The map above can be modified to change the projection parameters. It is an Conic Equal Area projection. I was having a bit of difficulty at first in producing maps that showed a specific area with d3.js. I've built this to test out different projections. The map will update when any of the text inputs change (which requires defocus - click elsewhere). This is d3.js v4. As always, the topojson file has to be in unprojected coordinates (lat/long).
Any Conic Equal Area projection can be built rather easily in D3.js. The input parameters are:
Rotate(x) and Rotate(y) which refer to the .rotate([x,y])) part of the projection. For most standard projections the y rotation should be zero. This should be the negative of the central meridian of your map. This meridian will be vertical in your projection.

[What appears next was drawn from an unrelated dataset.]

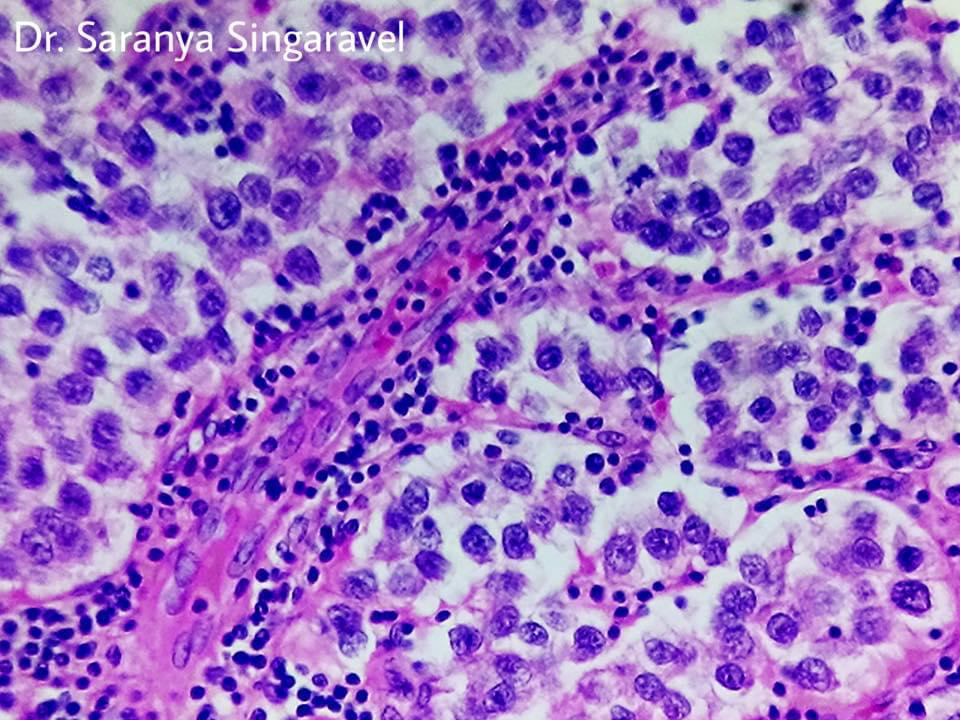 SEMINOMA TESTIS Pathology Made Simple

Center(x) and Center(y) which refer to the translation of the map (.center([x,y])). This is where the central latitude should be specified. Specifying a central meridian here is not ideal due to the nature of conical projections, so it should be set as zero.
Parallel(1) and Parallel(2) which refer to the secant lines of the map (.parallels([1,2])), that is the two lines of latitude in which the conical projection intersects the actual globe. On these lines there is no distorition, while near them distorition is minimized. These should be within the geographical feature you want to show or within the important parts of the map. These two can be borrowed from any defined projection, the center and rotation properties will simply transpose or rotate the projection, while distortion is based off of the parallels.
Scale just refers to the zoom level, greater numbers cover smaller geographic extents.